Human involvement is necessary here because someone has to take responsibility for the code as committed, and that requires real judgment. We can employ some automated assistance to get us there, but I would not fully delegate this responsibility, especially for meatier code contributions. Some approaches we might take:

First of all, be explicit about scope in your specification. Rather than “implement user authentication,” try “implement password-based login for a single user type with no OAuth, no social login, no multi-factor—just email and password.” The agent will still try to over-engineer; explicit constraints give you leverage to push back.
Then, use a combination of tests + code coverage tooling to make your test suite the scope boundary. If a piece of generated code isn’t exercised by any test, question whether its existence is justified or speculative. Pruning becomes an explicit part of your review workflow.
Even if the tests exercise the code, it doesn’t mean we’ve avoided the scope creep of implementation complexity, so review for YAGNI violations. Specifically ask yourself while reviewing: what code here serves no current requirement? Interfaces with one implementation, configuration for single values, and abstraction layers for hypothetical extensions are candidates for removal.

The underlying value of avoiding accidental complexity from building for imagined futures remains critical, but where TDD’s mechanism was additive friction for the human writing the code, the agentic equivalent may be subtractive review.

What does this look like in practice?

I’m still thinking through and experimenting in my own Claude Code setup, but I think it roughly looks like this.

First, the specification, generation, and validation phases should be distinct, with explicit transitions between them. You can’t proceed to the next phase without completing the current one. Not because ritual matters, but because mixing phases leads to the muddled reasoning I discussed earlier.

Your tests, examples, or contracts should serve as the canonical input—specification as the source of truth. The agent’s implementation is measured against this, not against vague notions of what you wanted. This also creates an audit trail: here’s what was specified, here’s what was generated, here’s how they compare. Something approximating this has already begun to emerge as a proposed methodology through spec-driven development (note: in this context, the specs are natural language, not code), though the solutions are still fairly immature and rapidly evolving.

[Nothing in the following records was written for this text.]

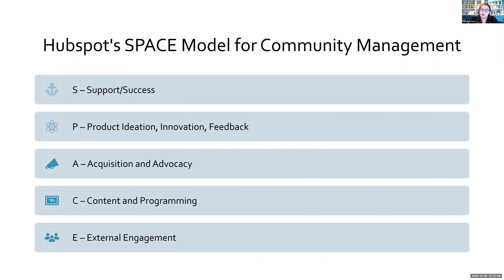The fourth is Content and Programming. If you're regularly creating and distributing resources — webinars, one sheets, toolkits — a community management strategy that promotes that content and programming is best suited for your work. This approach focuses not on generating new product ideas or brand ambassadors, but on ensuring everyone has access to your content.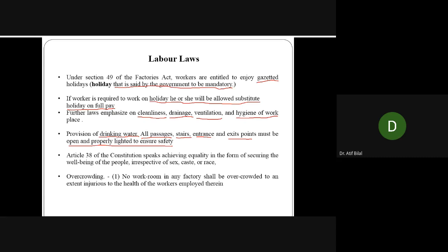Articles 37 and 38 of the Constitution speak about achieving equality in the form of securing well-being of people irrespective of their sex, caste, and race. You must take care of everyone's well-being — not just one gender, one caste, one religion, or one race. If you are giving preference to one group over others, you are going against equal employment opportunity.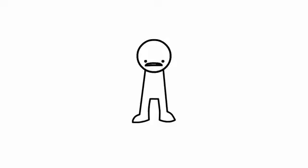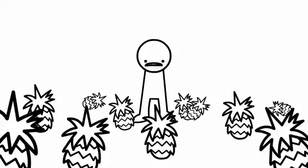I am depressed. Suddenly, pineapples! This does not help.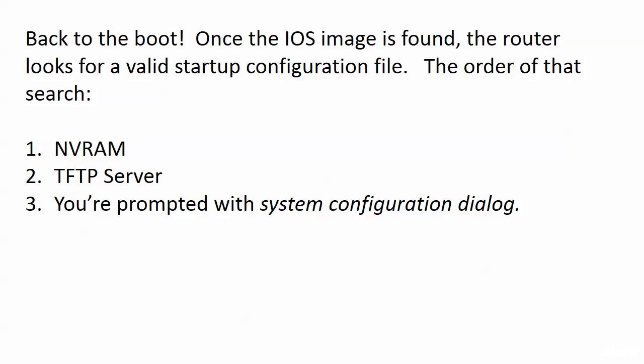All right, all about this system configuration dialog. We know that's the last resort here when our device router or switch is looking for a valid startup configuration file.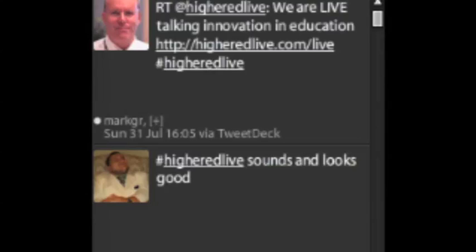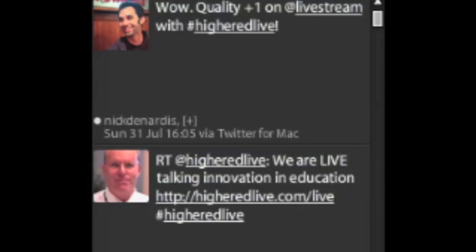As always, what you're saying we're going to be listening to. We've already got a 'wow, quality plus one' on Livestream — good to hear. We are working as best we can here with Higher Ed Live to bring you guys the best quality, the best content we can. So we appreciate your patience with the technical solutions we are dealing with.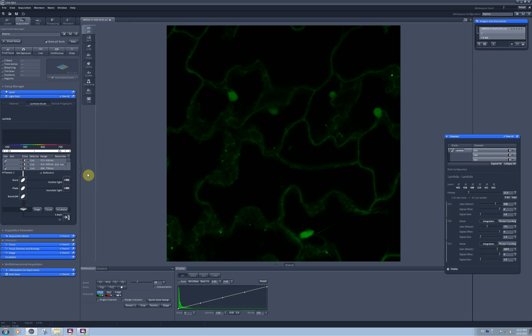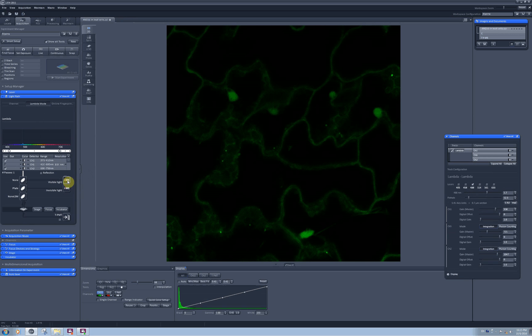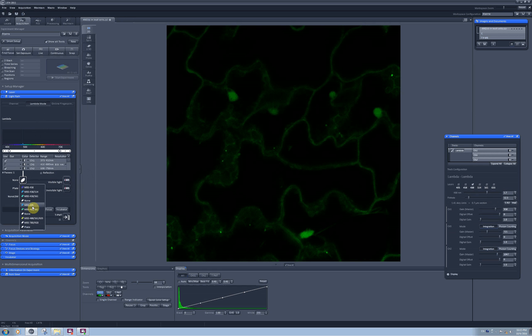Then I will proceed to activating the laser which I use for detection of GFP, 488 nm, and I need to make sure that the corresponding main beam splitter is in the path 488.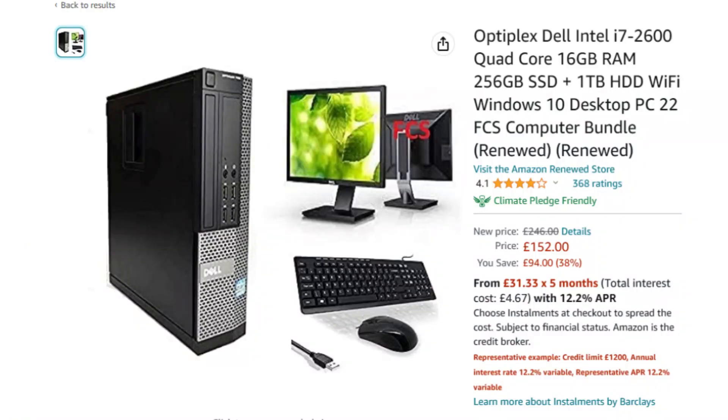Common question number one: can you run this software on a Chromebook or Mac? The answer is no, because you do need to download this software — it's not just run off a browser. It needs to be downloaded to a Windows PC. If you haven't got a Windows PC, I'll leave a link in the description for a refurbished PC setup with the monitor, mouse, keyboard, and computer tower — everything you need to run this software — and they're around £150.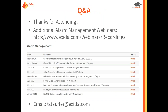That wraps up our session for today. Thank you very much for attending and tuning in. I hope you found this an enjoyable webinar. If you did, I encourage you to visit the Exeter website, which has many recorded webinars including a series on alarm management and various other topics. If you have any questions or comments, my email address is provided. Thank you very much for attending — have a good day.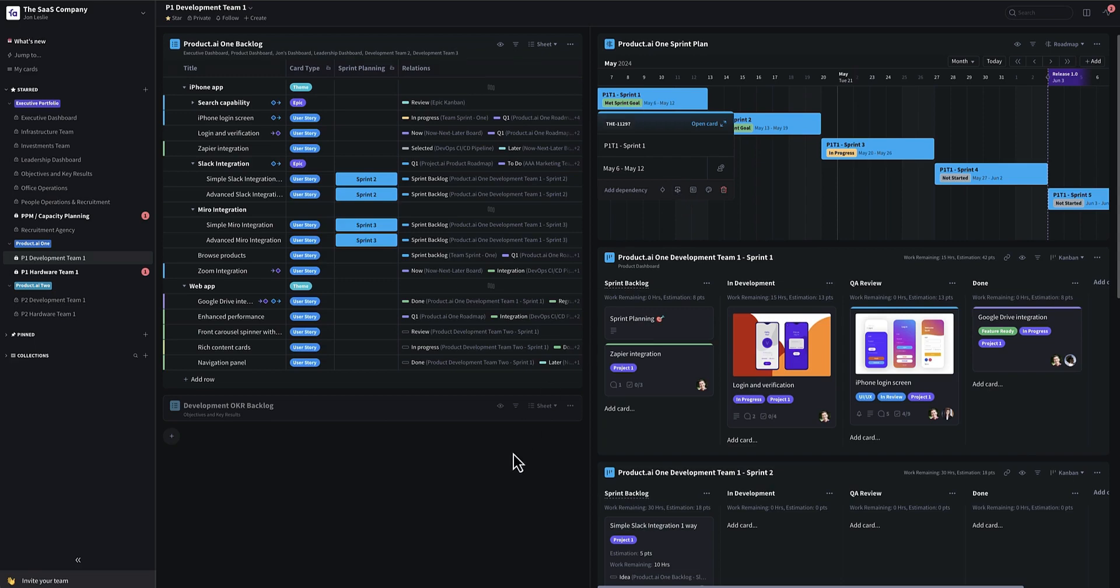And there you have it again. And that's how to do sprint look ahead planning and sprint management on a timeline on the Favro platform.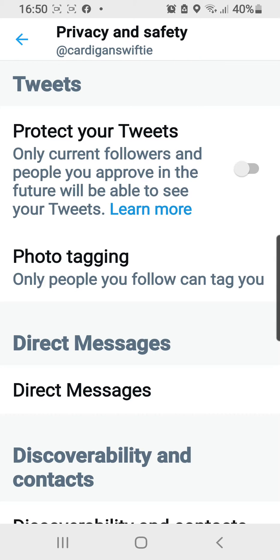I'm going to press on this button right here to the right, and it's blue now.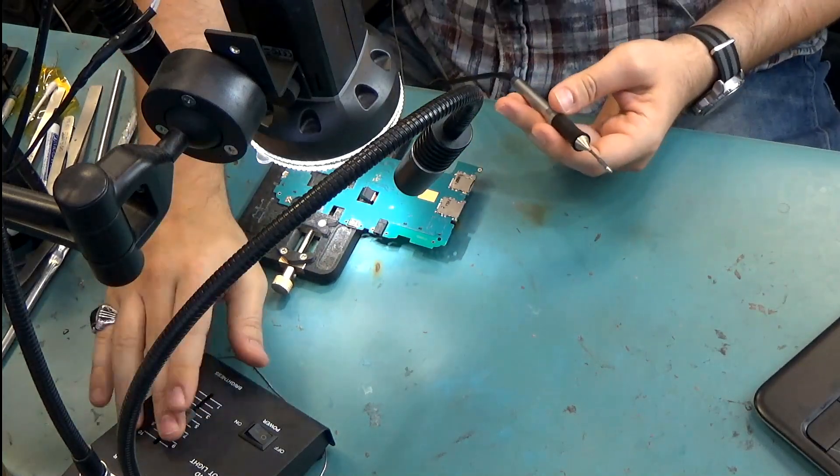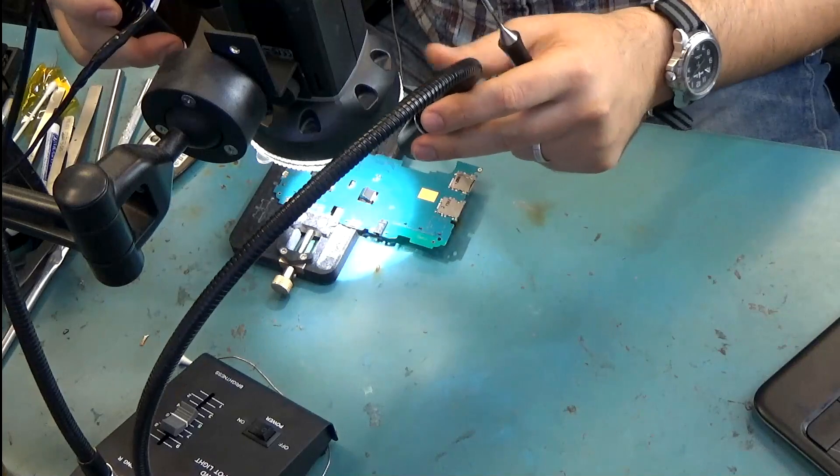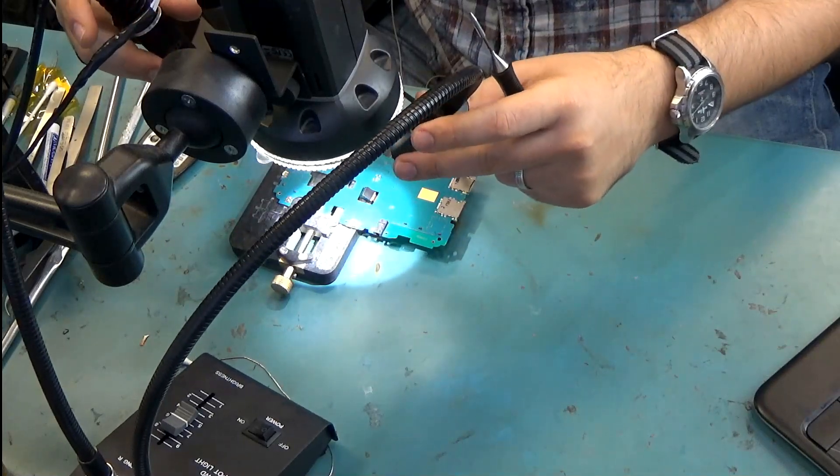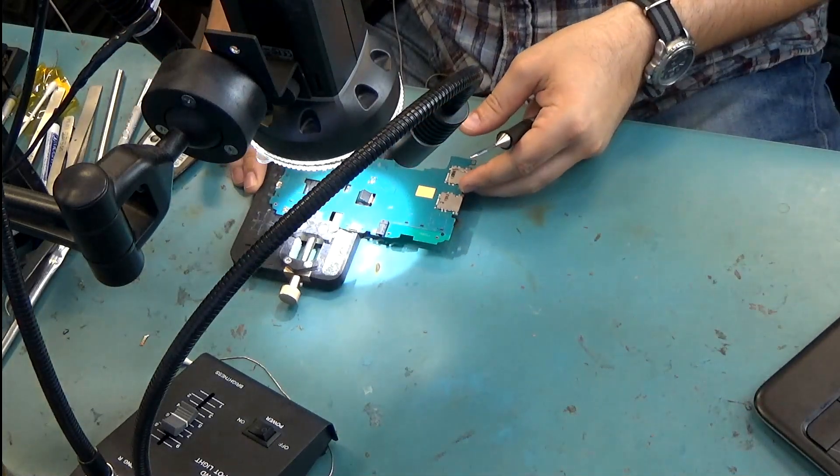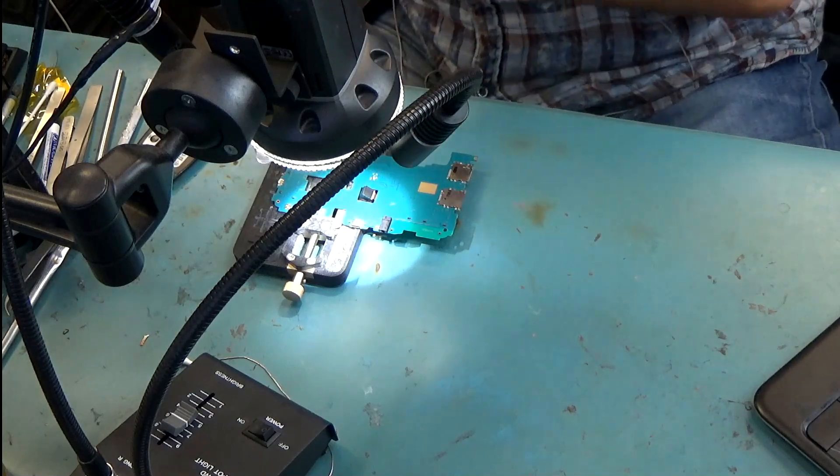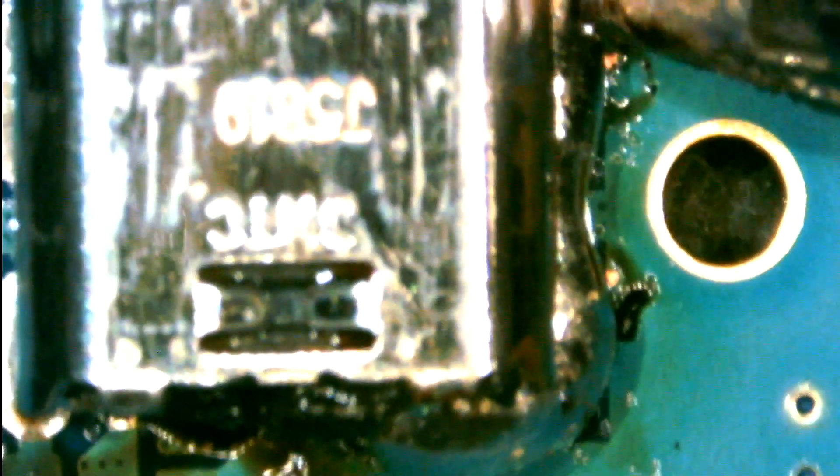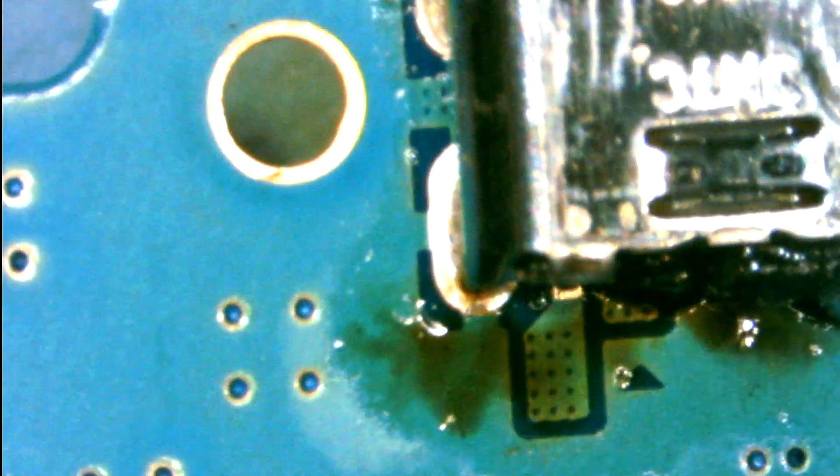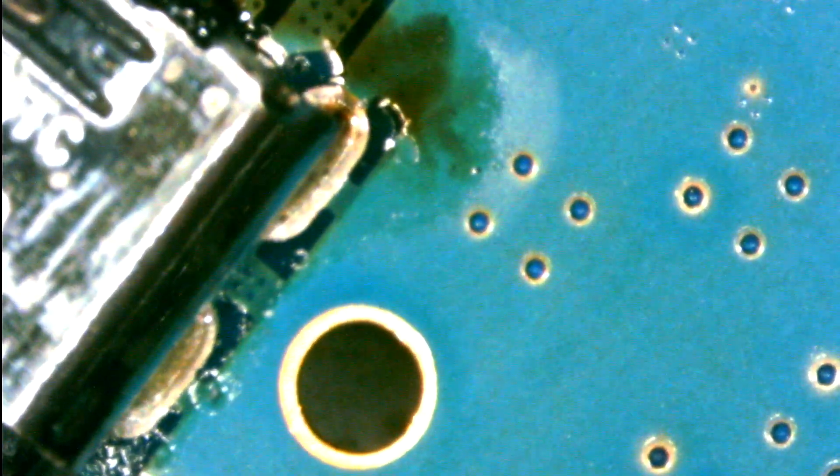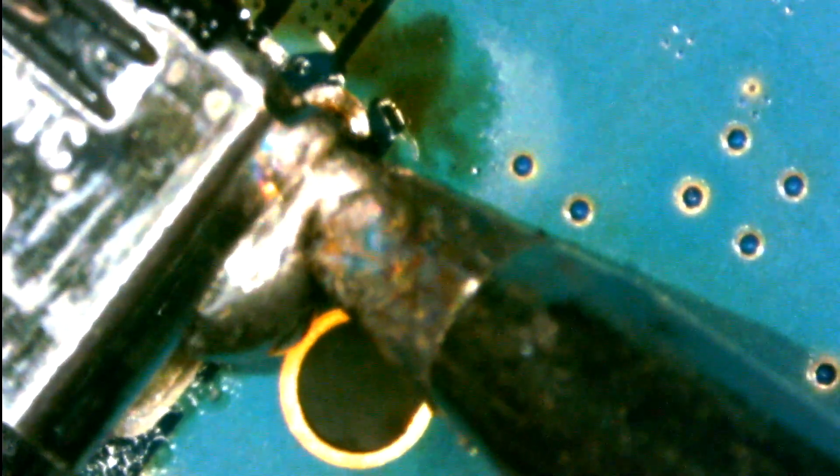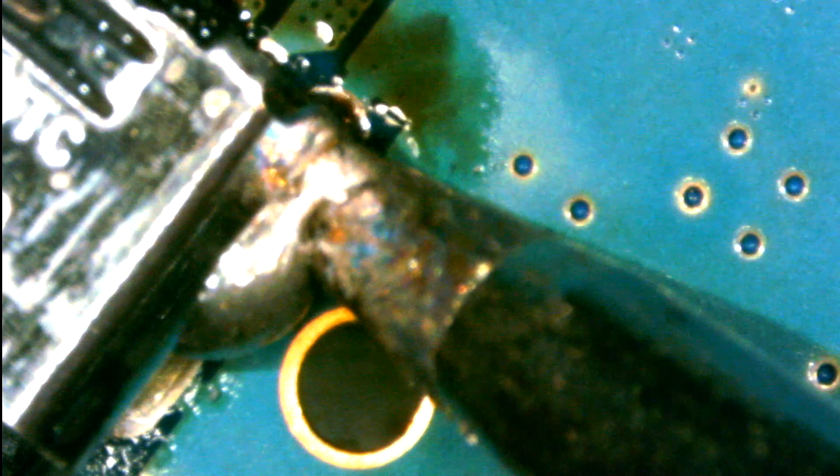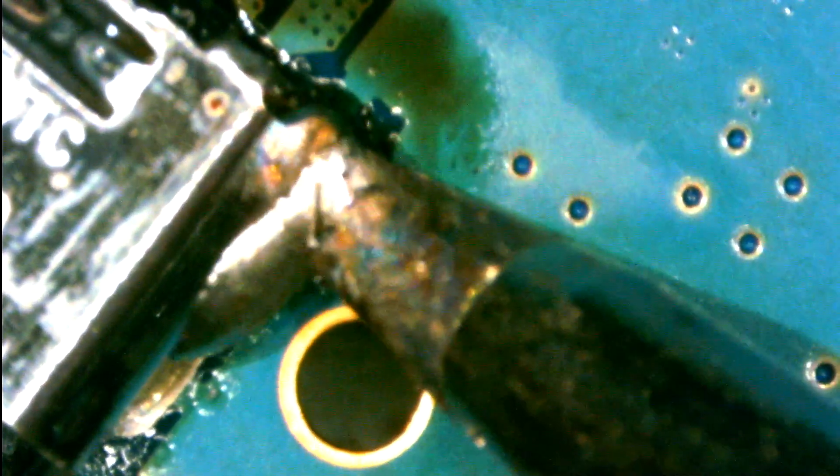So we're going to start by applying low melt solder onto the joints so we can lower the melting temperature of the pins. And let's just do the other side and then we should be able to easily remove this connector.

After generation, we run the test suite, code coverage, static analysis, and possibly a separate review agent in an automated fashion (e.g. with hooks). These automated validation pipelines give us deterministic and relatively instant feedback that can be fed right back into the agentic loop, minimizing the manual work we have to do in the human review step.

We can also build in minimality checks. Code coverage tools will identify unexercised code for us. We can flag any new code that is unexercised by our specifications and send it to the agent with instructions… “potentially unnecessary—justify or delete.” This gives us an automated mechanism for pushing our agents towards minimality. The agent will still overengineer sometimes, but again this minimizes the manual review work we’ll have to do.

For independent verification, the framework could invoke a second agent (or the same agent in a fresh context) to generate a second set of tests from the natural language specification. If the implementation passes the original tests but fails the separately-generated ones, we have a discrepancy that reveals either a flawed implementation or a misunderstanding about the specification.

And finally, while we might not be writing most of our code anymore, we still must take responsibility for the code we commit. Once our automated pipeline believes the implementation is complete, correct, and well-scoped, we still need to sit down and manually review our code. That human review step isn’t going away.